Data to examine START

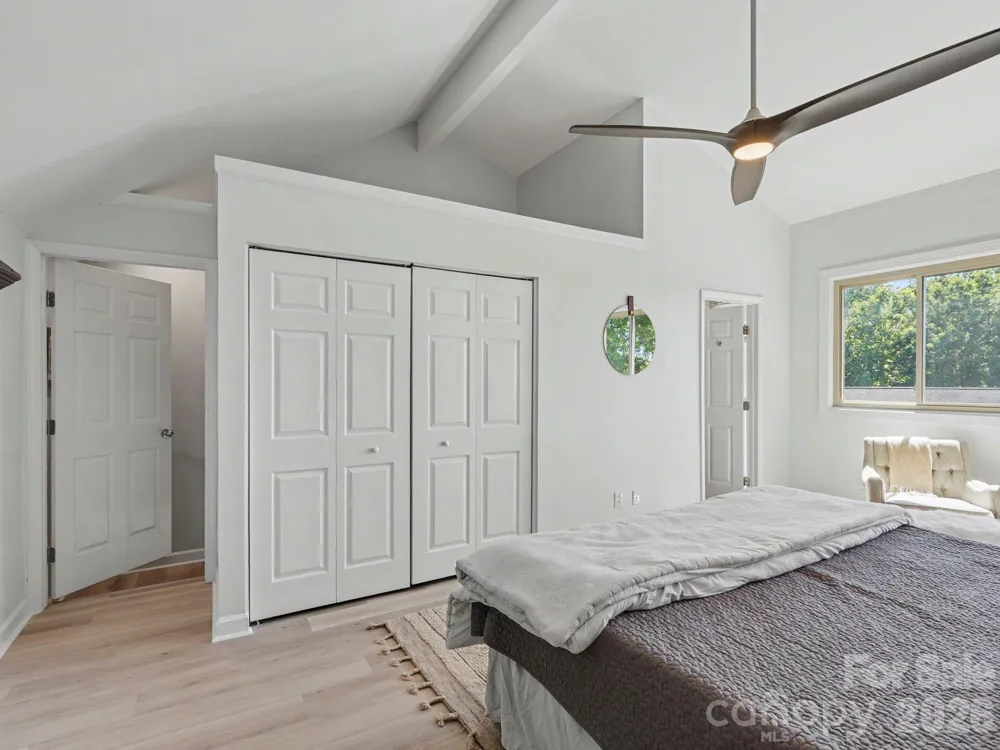 14546 Waterside Drive Charlotte, NC 28278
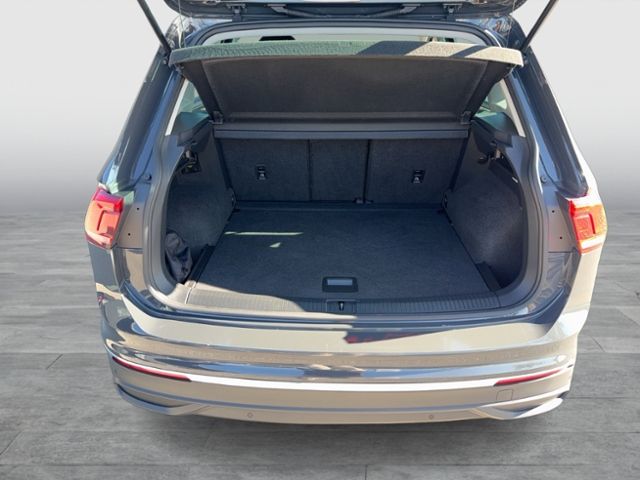 Tiguan LIFE 2.0 TDI DSG NAVI AHK APP-CON LENKR:H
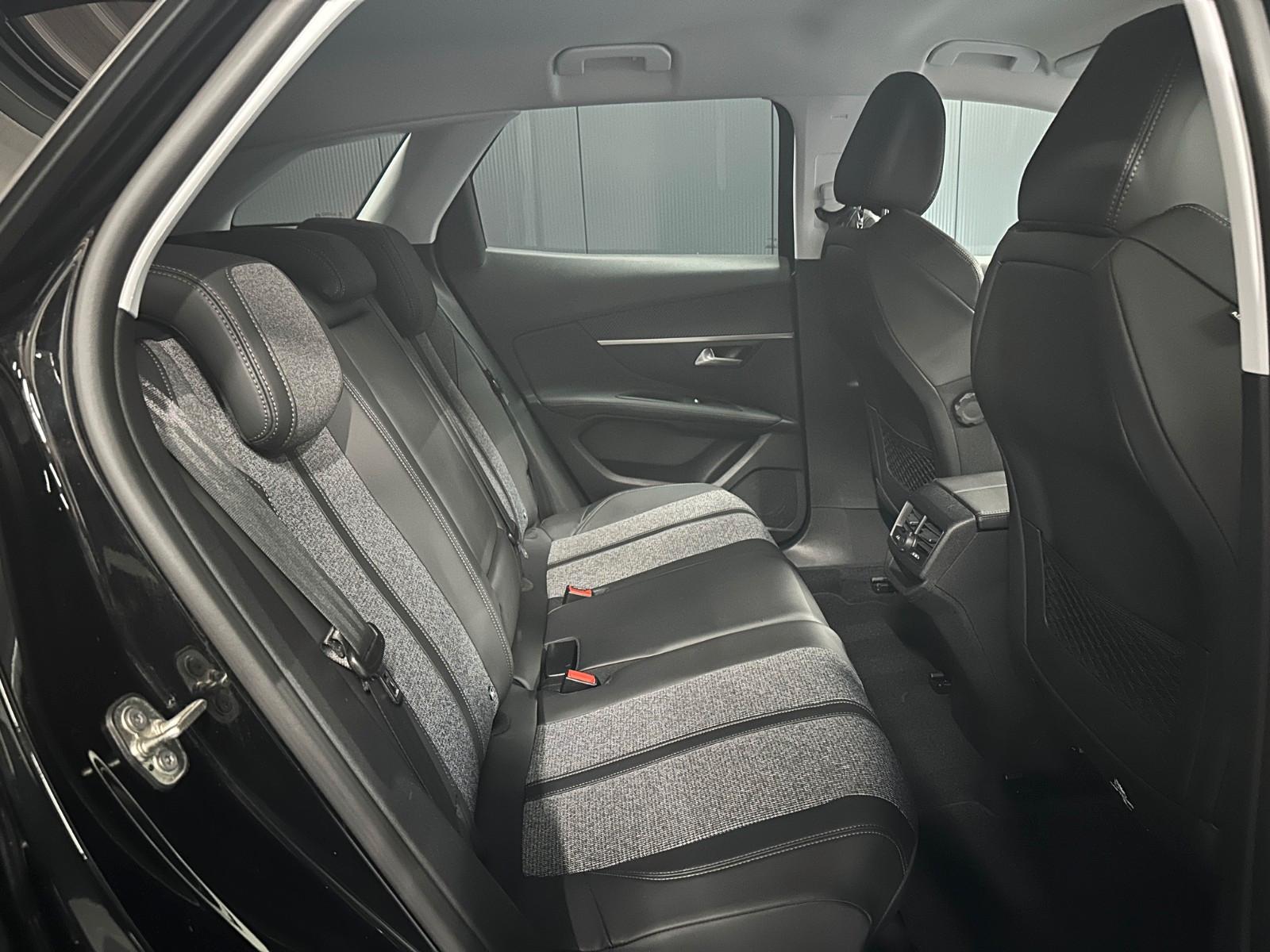 Peugeot 3008 Blue-HDI Allure *Full/LED*T-LEDER*AHK*NAVI*
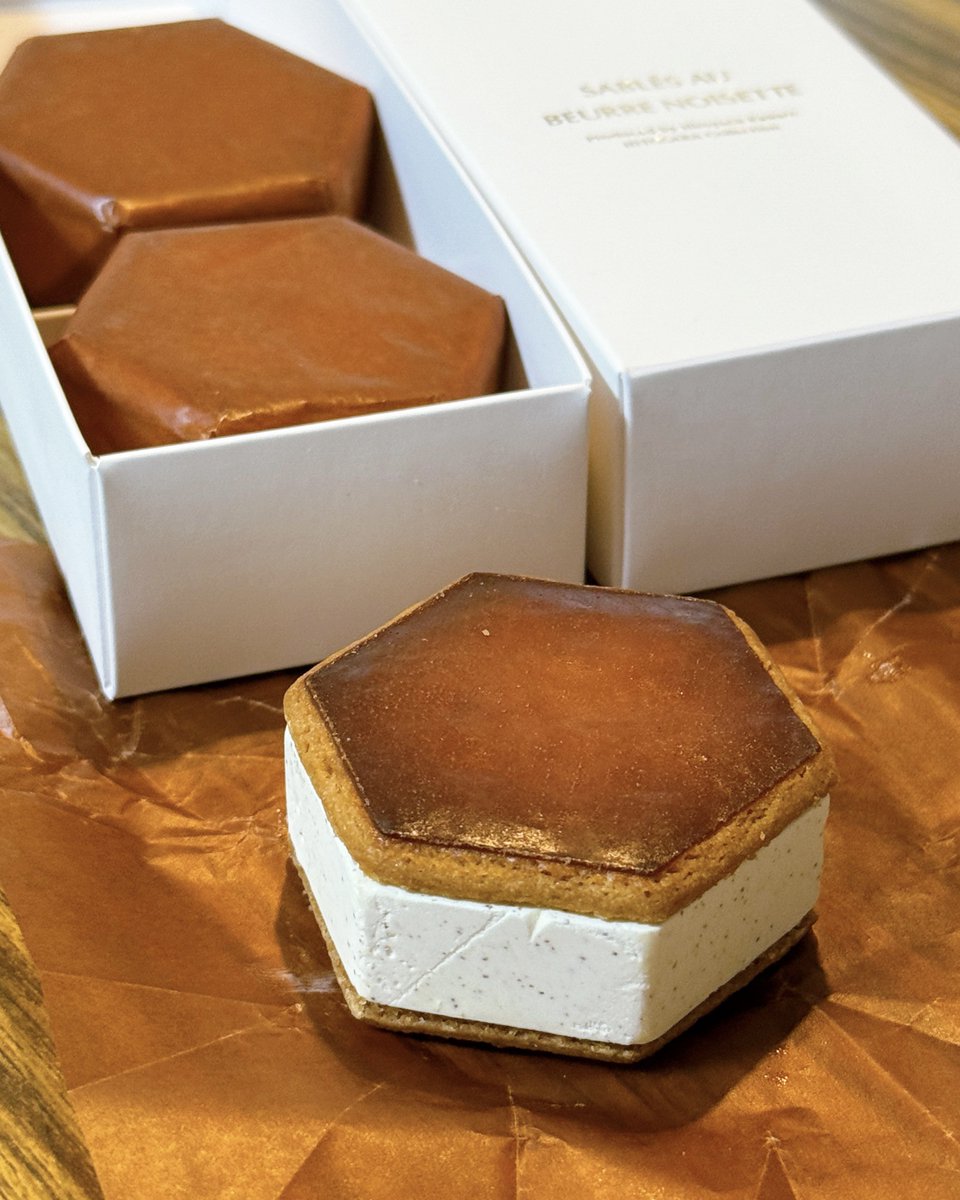 はっしー(橋本陽)/ グルメプレゼンター (@fallindebu) on Twitter photo 銀座に昨年9月オープンした「ひいらぎ」では、その名も「沈む、みたらし団子」という名の、新感覚みたらしがテイクアウトできる。
とろっとした餡になめらかなお餅が沈んでいて、持ち上げると、びよ〜んと伸びる!
3層になった「黒胡麻団子」や、分厚いのに軽やかな「バターサンド」も美味しかったよ! 銀座に昨年9月オープンした「ひいらぎ」では、その名も「沈む、みたらし団子」という名の、新感覚みたらしがテイクアウトできる。
とろっとした餡になめらかなお餅が沈んでいて、持ち上げると、びよ〜んと伸びる!
3層になった「黒胡麻団子」や、分厚いのに軽やかな「バターサンド」も美味しかったよ!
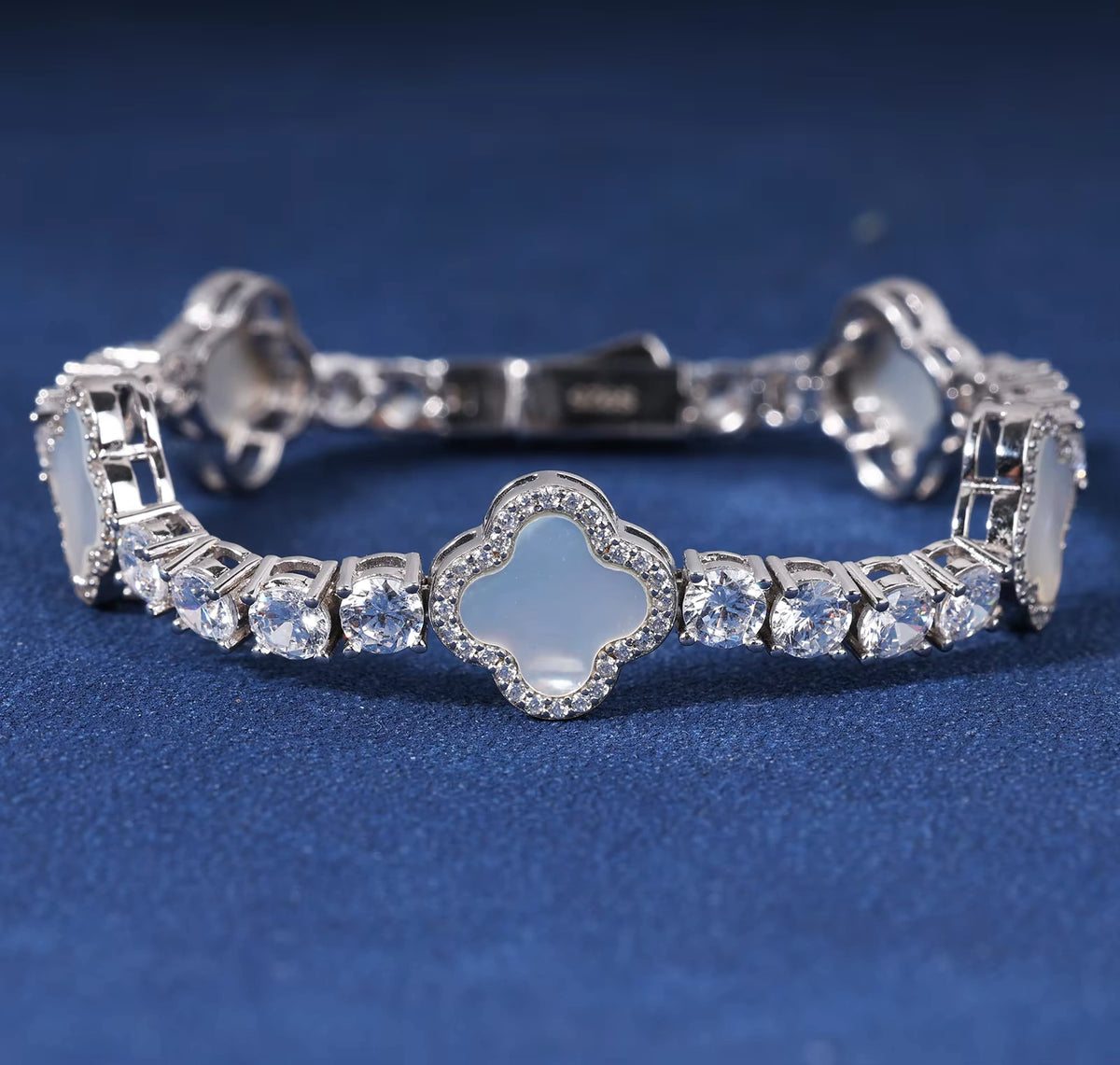 Hot Selling VVS D Moissanite 925 Silver Hip Hop Bangle Jewelry New Design Clover Bracelet Charming Elegant Luxury Bracelet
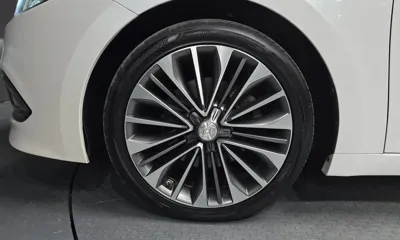 Hyundai Grandeur 2015, 122345 км, за 6039.12 USD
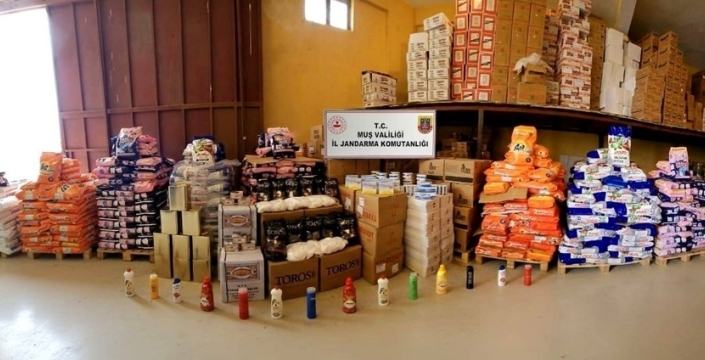Muş'ta dev operasyon: 3,9 milyon TL'lik sahte ürün ve kaçak tütün ele geçirildi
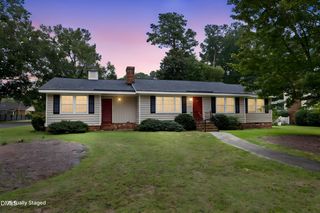 1101 S  Walnut Dr, Smithfield, NC 27577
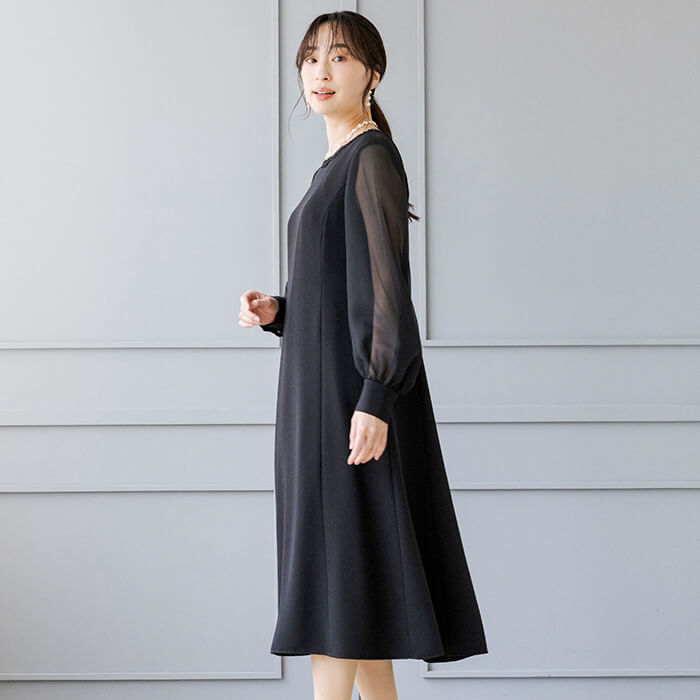 軽やかに気品をまとう大人ドレス 11号・ブラック｜東京ソワール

Data to examine END

● Task item: Write out exactly the lines that run from the one containing "Smithfield, NC 27577" to the last line of the entries above, both ends kept, pictures left out.

● Output:
 1101 S  Walnut Dr, Smithfield, NC 27577
 軽やかに気品をまとう大人ドレス 11号・ブラック｜東京ソワール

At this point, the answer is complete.